▶ [Try it]: Leaving out every picture, transcribe the lines from the line that contains "Aspectos de la" to the end of the entries below, both ends included.
======== Data in this exercise
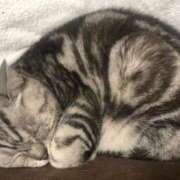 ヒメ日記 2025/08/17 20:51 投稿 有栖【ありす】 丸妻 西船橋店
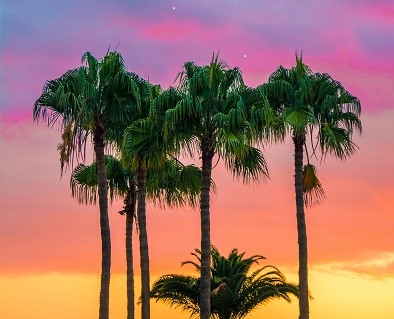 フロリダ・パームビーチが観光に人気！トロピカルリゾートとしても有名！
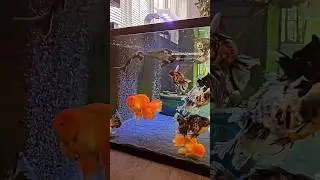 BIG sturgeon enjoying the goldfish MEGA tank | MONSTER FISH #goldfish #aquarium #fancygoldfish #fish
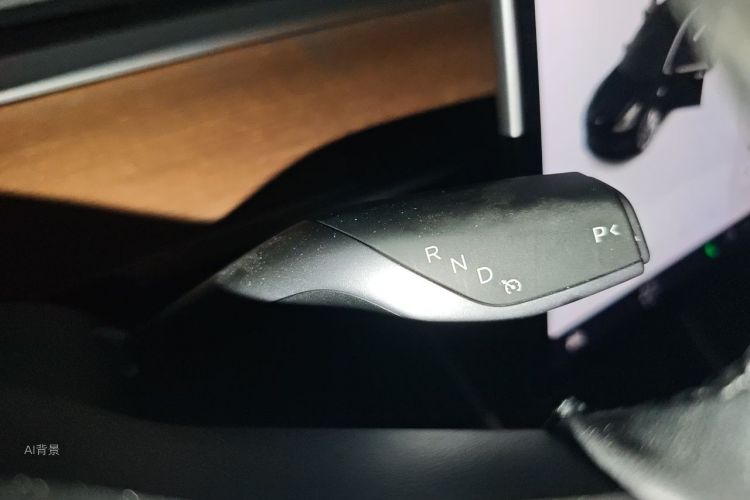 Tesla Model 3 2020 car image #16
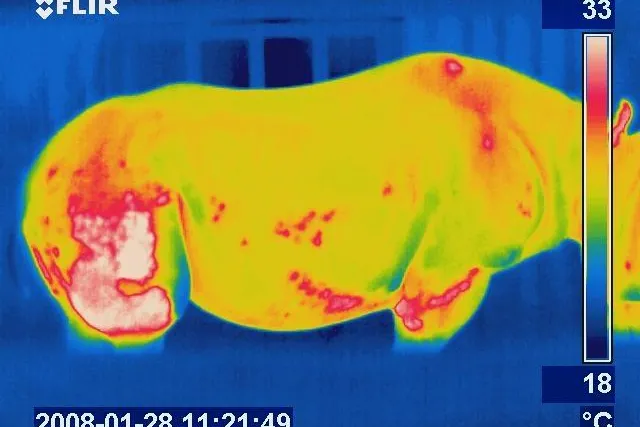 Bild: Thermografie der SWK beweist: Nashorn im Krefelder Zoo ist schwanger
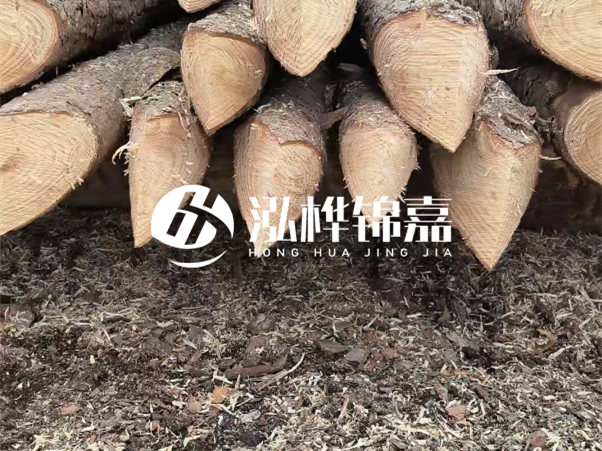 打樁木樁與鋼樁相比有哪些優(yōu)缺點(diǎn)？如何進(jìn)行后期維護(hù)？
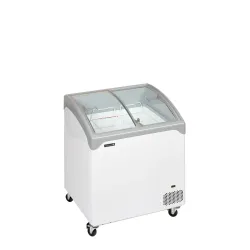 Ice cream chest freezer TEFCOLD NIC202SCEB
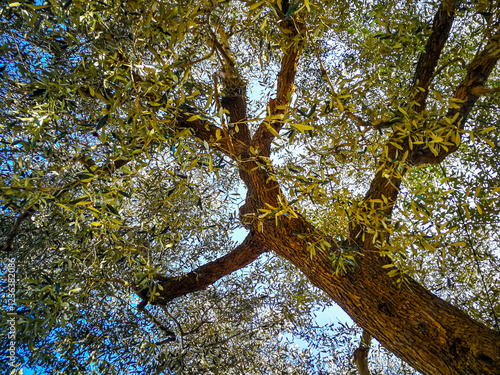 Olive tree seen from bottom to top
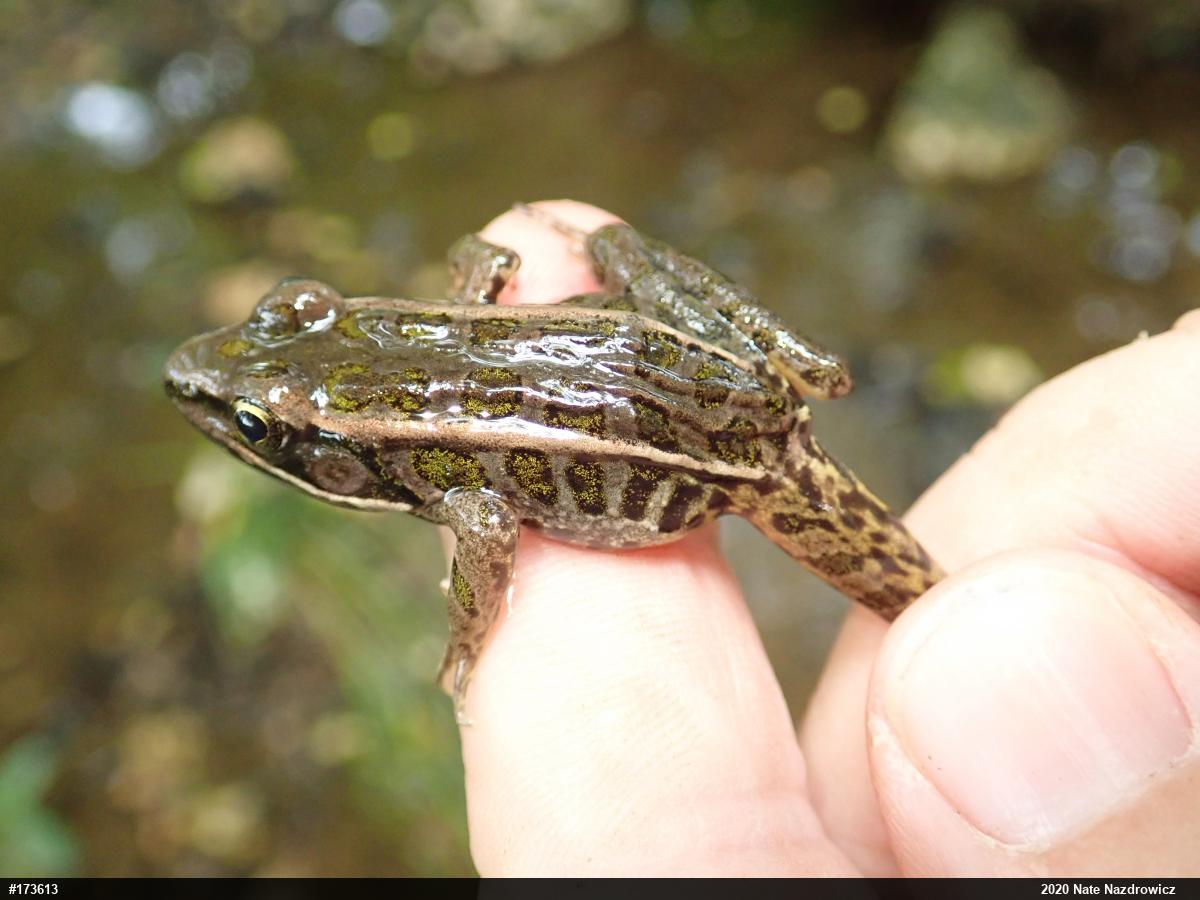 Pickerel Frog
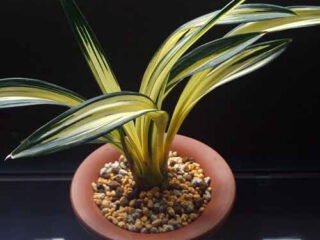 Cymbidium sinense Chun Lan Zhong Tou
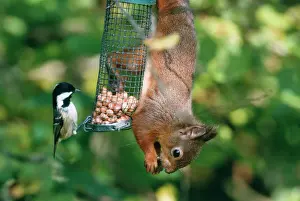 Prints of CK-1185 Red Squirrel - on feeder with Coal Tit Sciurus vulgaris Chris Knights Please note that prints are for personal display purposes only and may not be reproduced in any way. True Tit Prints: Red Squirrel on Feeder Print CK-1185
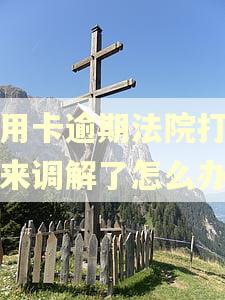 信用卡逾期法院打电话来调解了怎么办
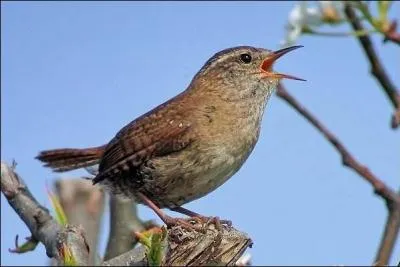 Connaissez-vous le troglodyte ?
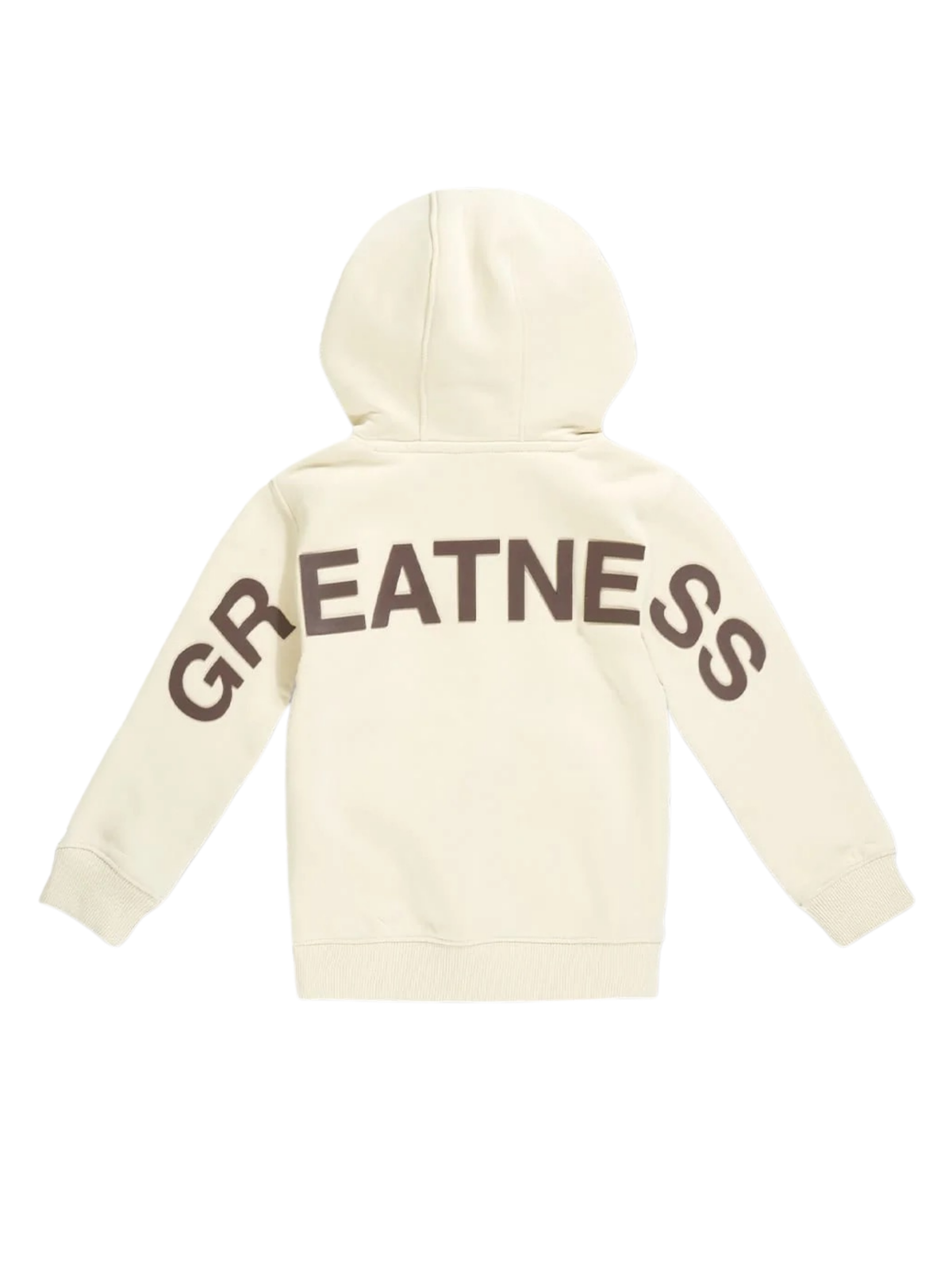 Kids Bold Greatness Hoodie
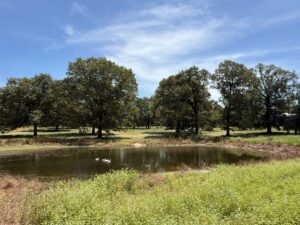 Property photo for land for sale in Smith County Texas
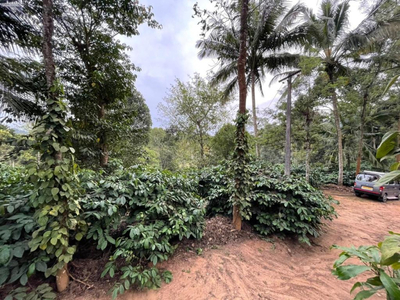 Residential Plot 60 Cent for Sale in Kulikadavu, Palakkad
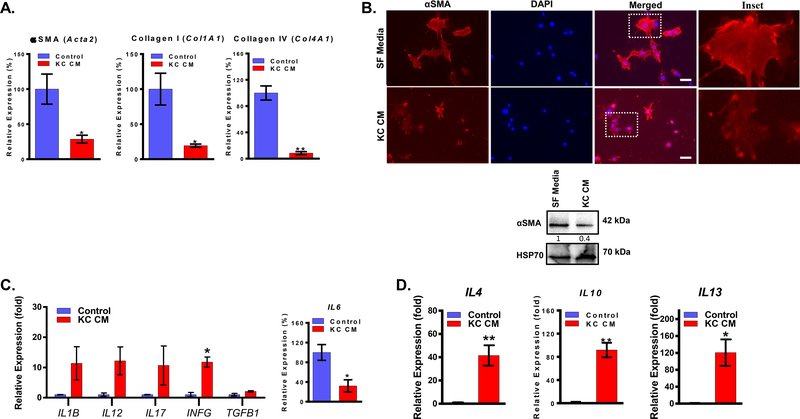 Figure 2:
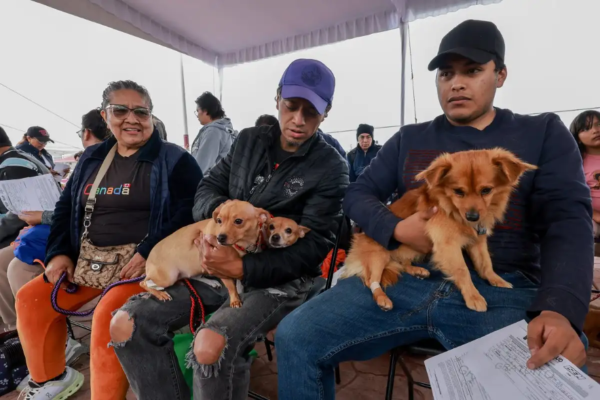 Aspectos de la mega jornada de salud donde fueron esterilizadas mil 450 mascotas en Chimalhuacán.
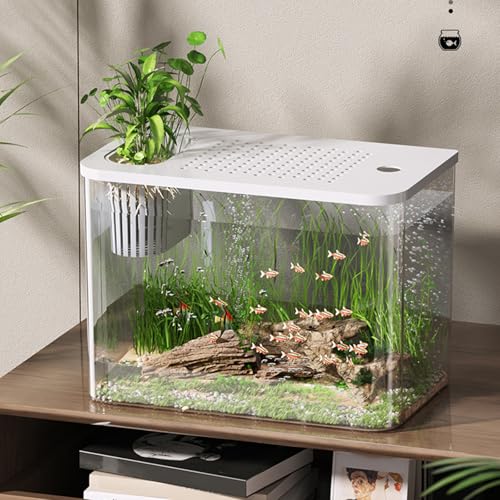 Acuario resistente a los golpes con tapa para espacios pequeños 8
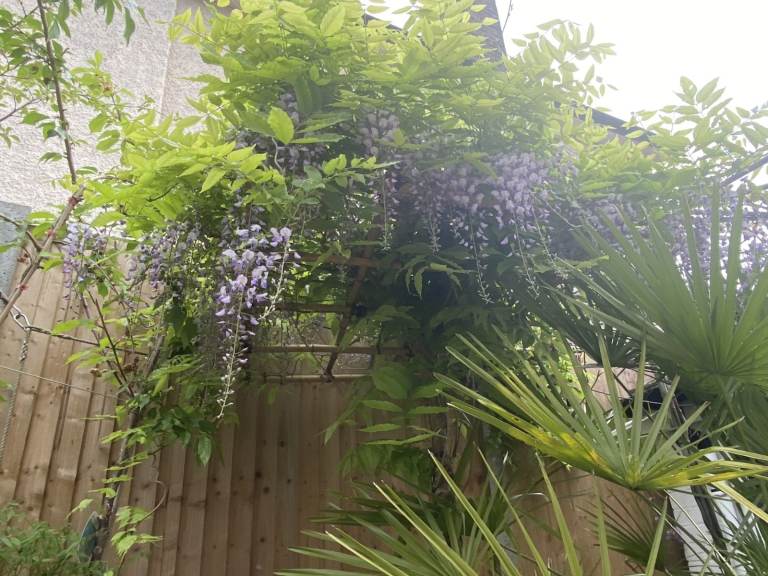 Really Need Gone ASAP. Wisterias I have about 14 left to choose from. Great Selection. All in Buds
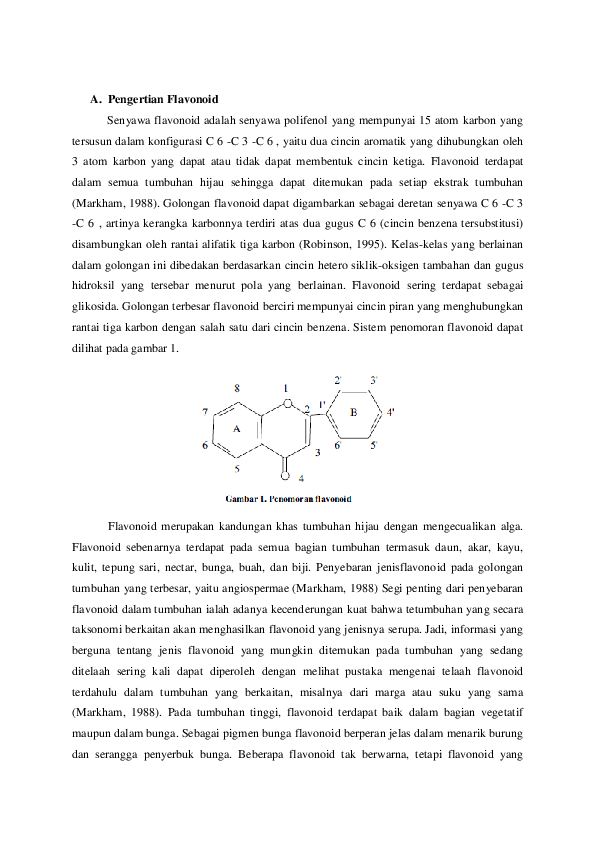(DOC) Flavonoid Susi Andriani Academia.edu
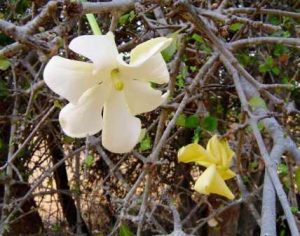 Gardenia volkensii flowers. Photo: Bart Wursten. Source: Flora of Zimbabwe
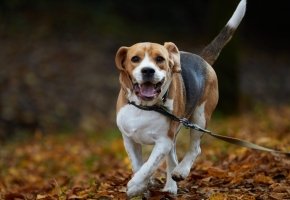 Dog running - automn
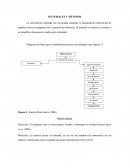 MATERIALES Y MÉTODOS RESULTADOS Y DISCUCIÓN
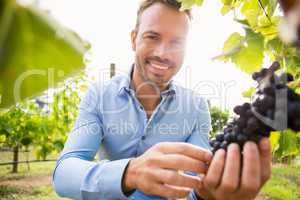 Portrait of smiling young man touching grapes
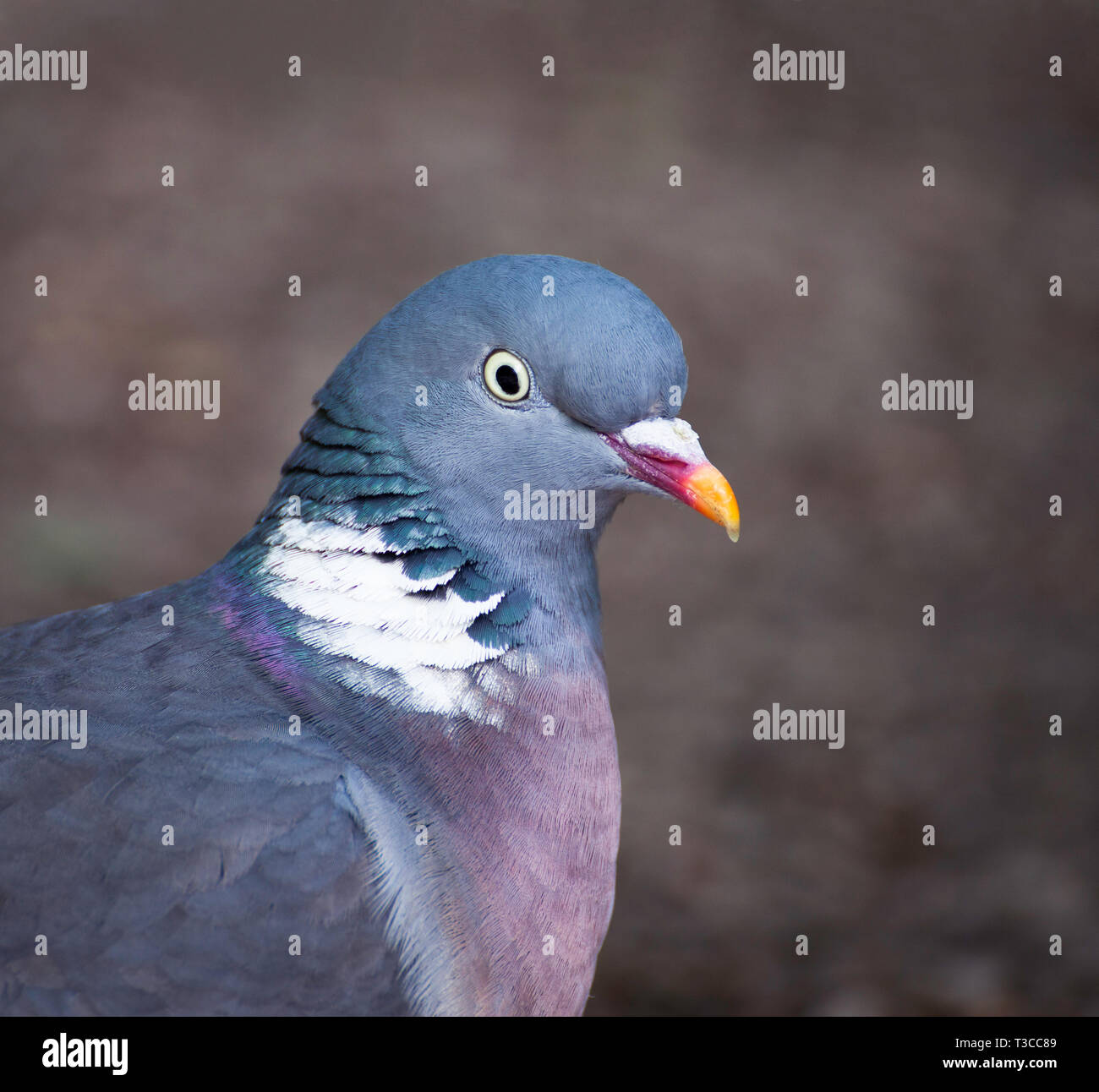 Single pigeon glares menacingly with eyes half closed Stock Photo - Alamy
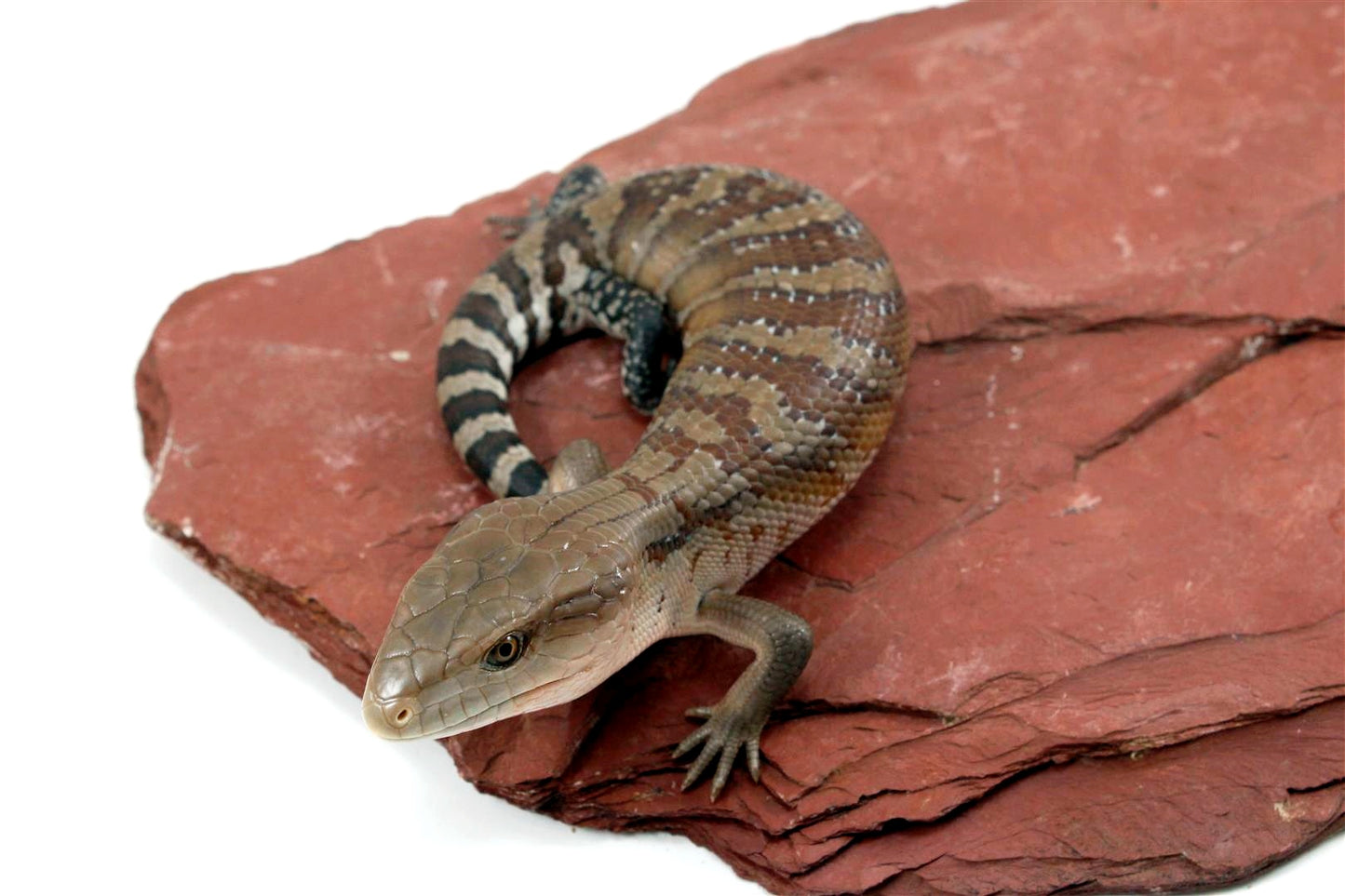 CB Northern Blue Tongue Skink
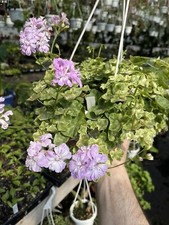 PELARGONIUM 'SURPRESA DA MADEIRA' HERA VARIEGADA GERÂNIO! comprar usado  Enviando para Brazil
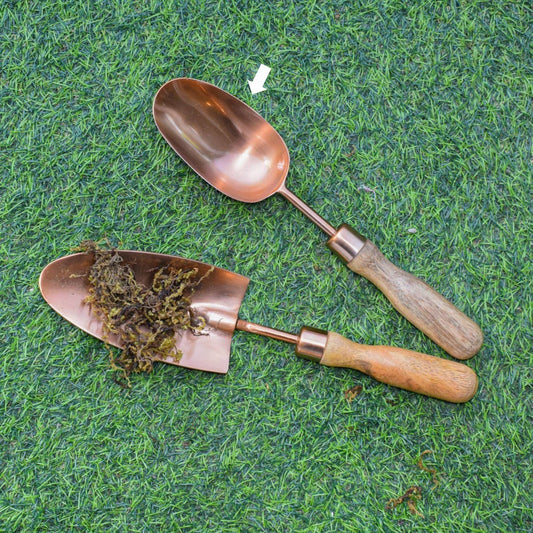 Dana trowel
================
▶ [Exercise output]:
 Aspectos de la mega jornada de salud donde fueron esterilizadas mil 450 mascotas en Chimalhuacán.
 Acuario resistente a los golpes con tapa para espacios pequeños 8
 Really Need Gone ASAP. Wisterias I have about 14 left to choose from. Great Selection. All in Buds
(DOC) Flavonoid Susi Andriani Academia.edu
 Gardenia volkensii flowers. Photo: Bart Wursten. Source: Flora of Zimbabwe
 Dog running - automn
 MATERIALES Y MÉTODOS RESULTADOS Y DISCUCIÓN
 Portrait of smiling young man touching grapes
 Single pigeon glares menacingly with eyes half closed Stock Photo - Alamy
 CB Northern Blue Tongue Skink
 PELARGONIUM 'SURPRESA DA MADEIRA' HERA VARIEGADA GERÂNIO! comprar usado  Enviando para Brazil
 Dana trowel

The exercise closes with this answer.